You would tell me that "This too shall pass" because you lived by that phrase. I wouldn't have the heart to tell you that this, my beautiful son, will never pass. You would tell me to find happiness, to only do what makes me feel carefree. I couldn't tell you that I don't know how to find that anymore but I'm searching. You would curl up close to me, just wanting to be near me, lay your head on my arm. There would be so many feelings you would want to convey, but you wouldn't speak them. There would just be an understanding between us.  You and I never needed words, we were too much alike, more than either of us would have admitted.

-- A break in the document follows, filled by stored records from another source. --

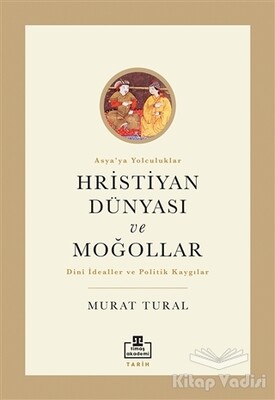 Hristiyan Dünyası ve Moğollar - Timaş Akademi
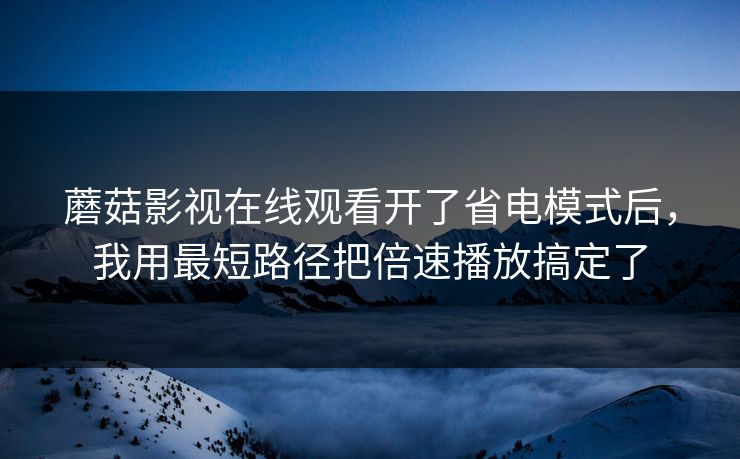 蘑菇影视在线观看开了省电模式后，我用最短路径把倍速播放搞定了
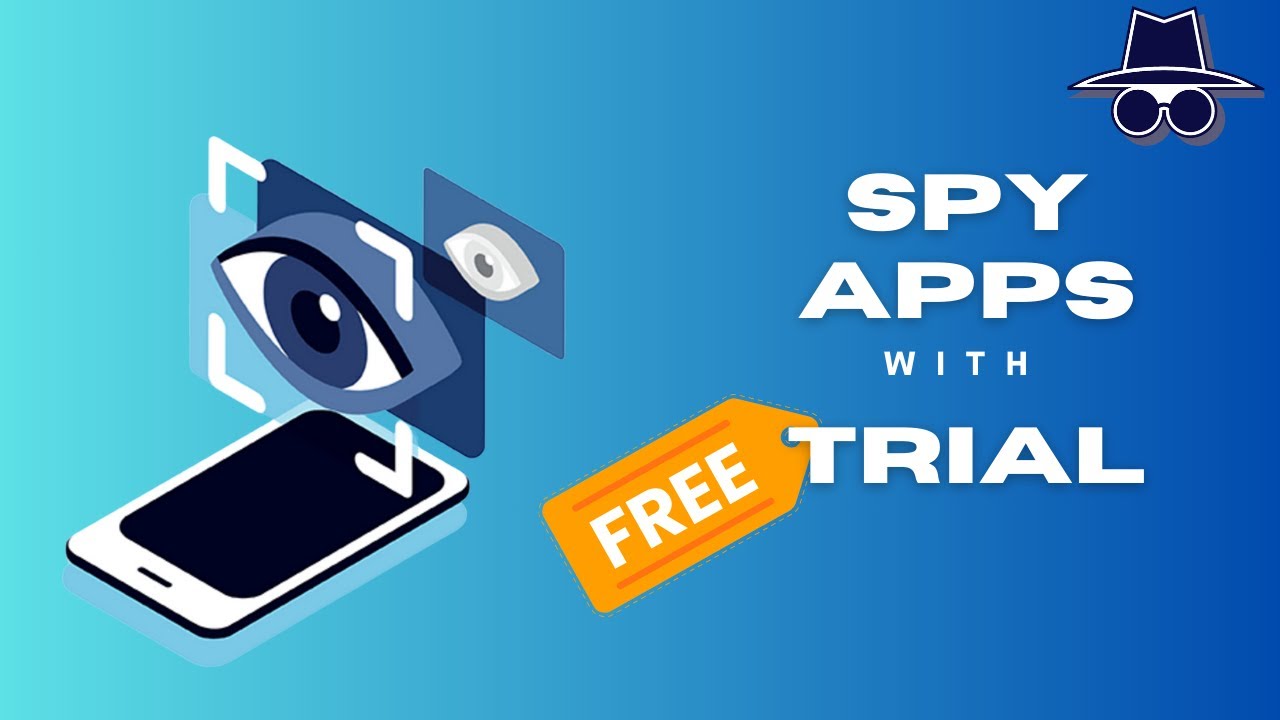 Best Spy Apps With Free Trial: Top Free Spy App For Android & iPhone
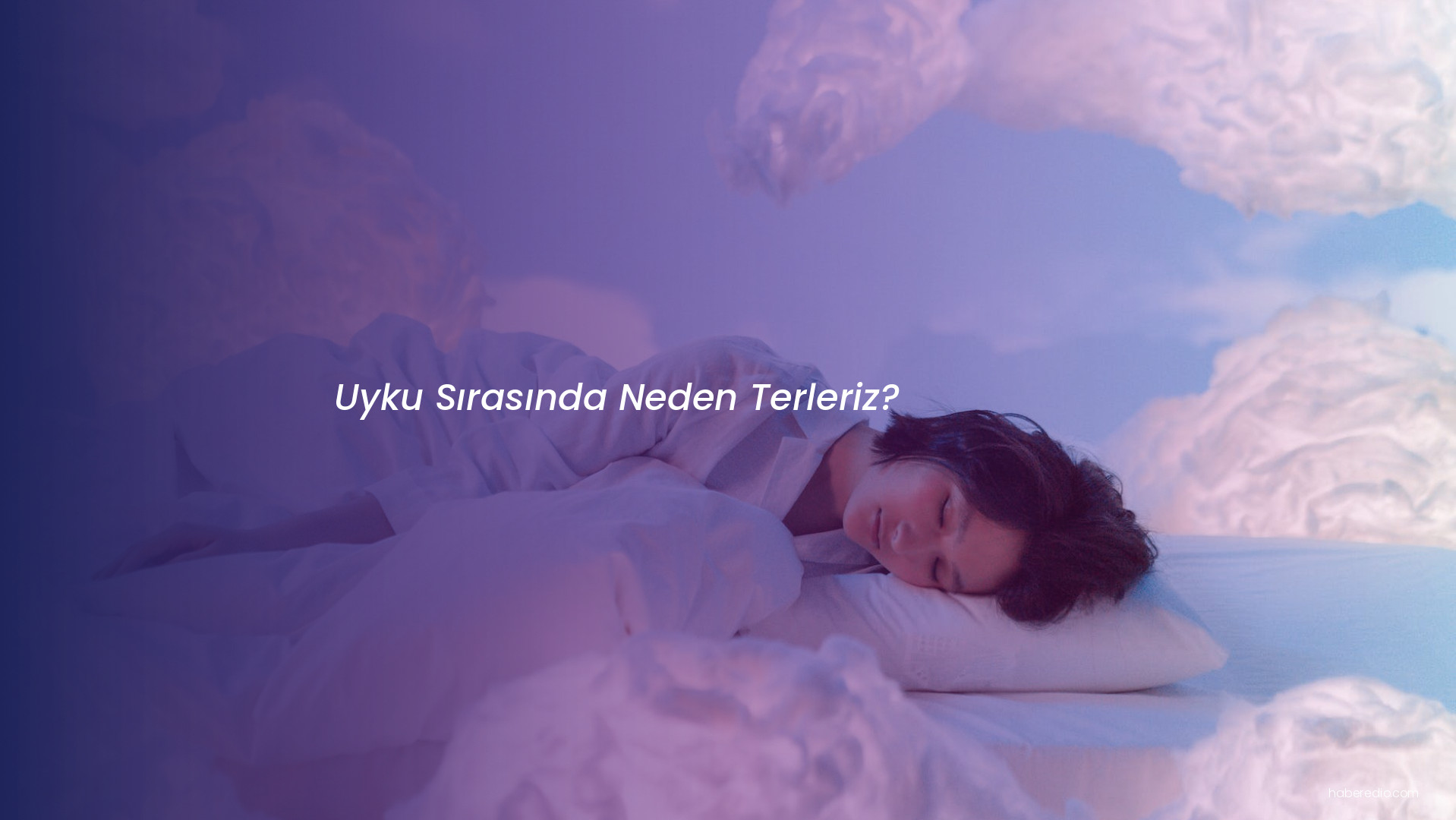 Uyku Sırasında Neden Terleriz? Uyku Sırasında Neden Terleriz?
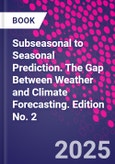 Subseasonal to Seasonal Prediction. The Gap Between Weather and Climate Forecasting. Edition No. 2- Product Image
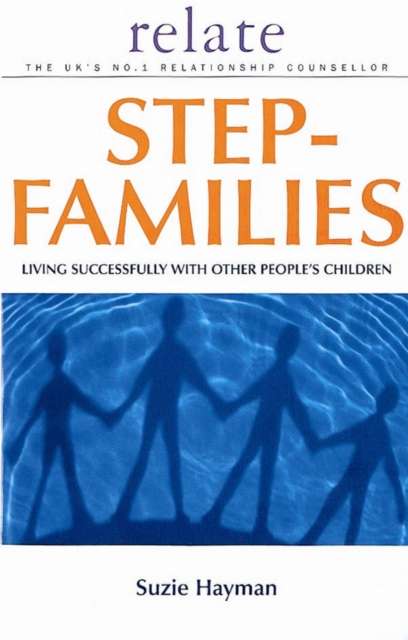 Relate Guide To Step Families by Suzie Hayman (Paperback)
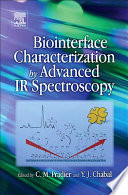 Biointerface characterization by advanced IR spectroscopy /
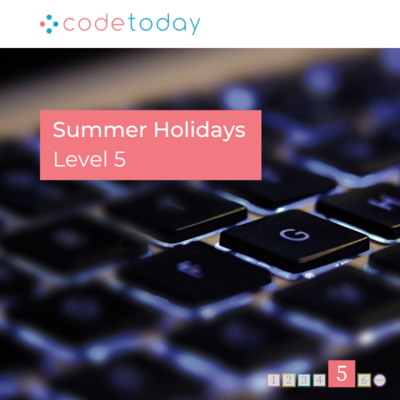 LEVEL 5 | Live Online Coding in Python | Summer Holidays 2022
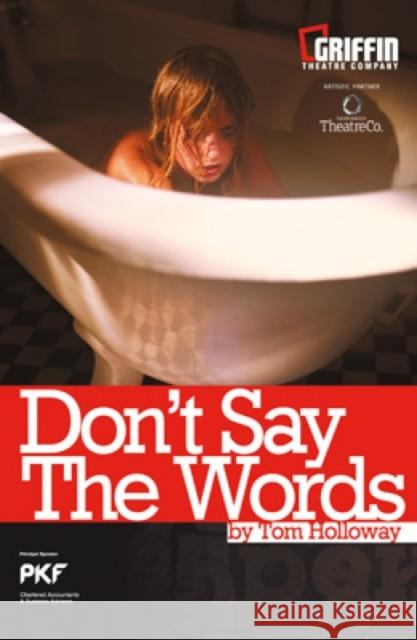 Don't Say the Words Tom Holloway 9780868198347 CURRENCY PRESS PTY LTD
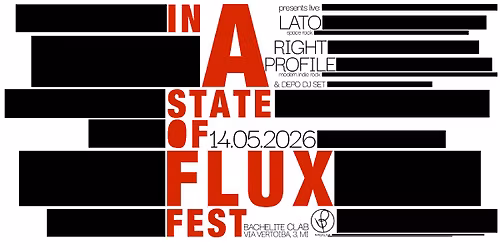 GIOVED\u00ec 14 MAGGIO INASTATEOFFLUXFEST Live: RIGHT PROFILE + LATO + DEPO DJSET @ Bachelite Clab Milano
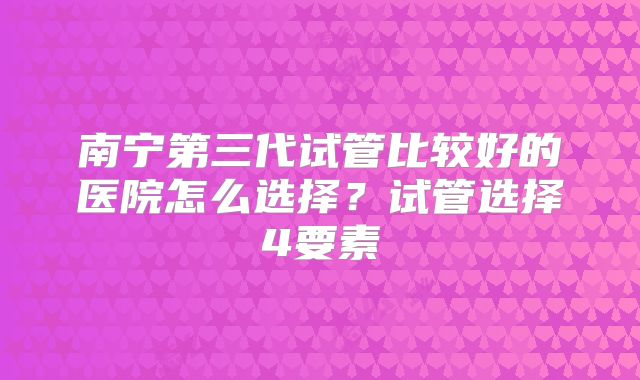 南宁第三代试管比较好的医院怎么选择?试管选择4要素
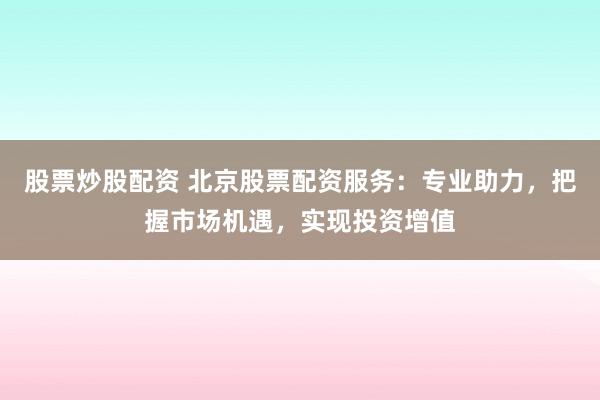 股票炒股配资 北京股票配资服务：专业助力，把握市场机遇，实现投资增值
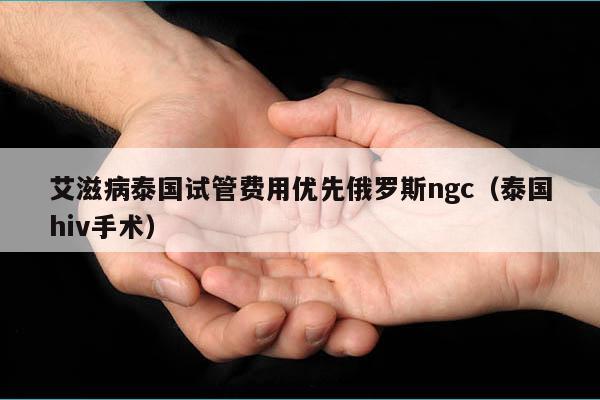 艾滋病泰国试管费用优先俄罗斯ngc（泰国hiv手术）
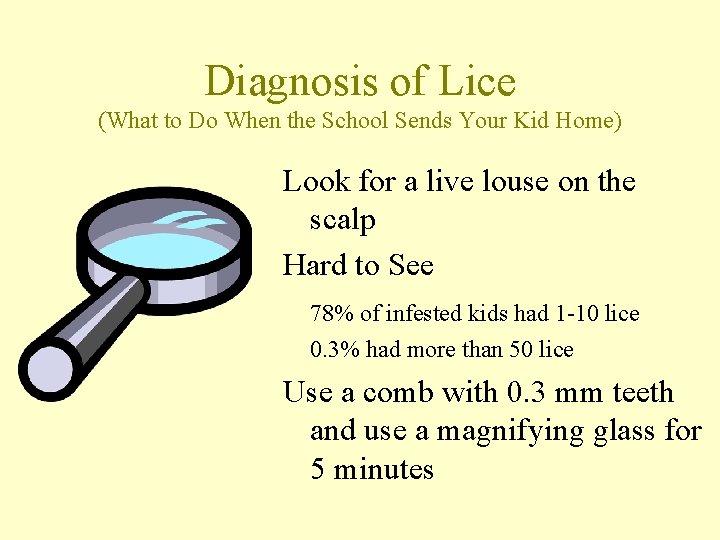 Diagnosis of Lice (What to Do When the School Sends Your Kid Home) Look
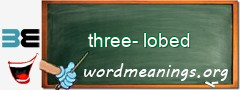 WordMeaning blackboard for three-lobed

You would wipe my tears and remind me that I still had Jamilah. As if that somehow compensated for the Zuka sized hole left in my soul. You never understood how much you were worth, you were everything. I would tell you, You are everything. You would assure me that I will be fine without you, that I will carry on and be happy again. I won't have the heart to tell you that I will miss you every single day for the rest of my life. We will sit in silence the rest of our time together, my arm around you, your head on my shoulder, wishing we could stay like this forever. We can't. You are gone from me and all I can do is close my eyes and imagine.

Tuesday, June 4, 2019

I want to remember, I want to forget




I want to remember your smile, it's so cliche to say it lit up a room. No, your smile provided me peace, as long as you were smiling everything would be okay. I want to remember when I picked you up at school after not having seen you in three years. You had grown taller than me and now had defined muscles and you were no longer that chubby little boy. I held on tight as tears flowed from my eyes, joy, and relief. You pulled back and smiled, "I knew you were going to cry," you said with a smile. 

I want to remember you as my little boy who always wanted to be with his mom. I want to remember the first time I held you. I want to remember your light-heartedness, the times you were carefree and wild. You were my wild child, daring to live life on your own terms. Though as your mother that scared me at times, it also inspired me to be a little more willing to take chances. I want to remember the times you were happy, the pranks you played, your laughter. I want to remember you this way.

I want to forget every tear you ever cried. I want to forget the times when this world broke your tender heart. I want to forget that day, the sound of the gunshot. I want to forget devastation I felt when they told me you didn't survive. I want to forget watching them wheel your covered body out on a stretcher and knowing I would never see you again. I want to forget the indescribable pain.

Some days I want to forget it all. I wonder if amnesia would be easier. With each blissful memory comes the realization that it's over. There will never be another moment that I want to remember, no new memories created. That wouldn't be fair to you. You lived and as painful as it is, I must remember it all. I must honor and appreciate you for who you were and the short time we had together. I must hold you in every little piece of my shattered heart.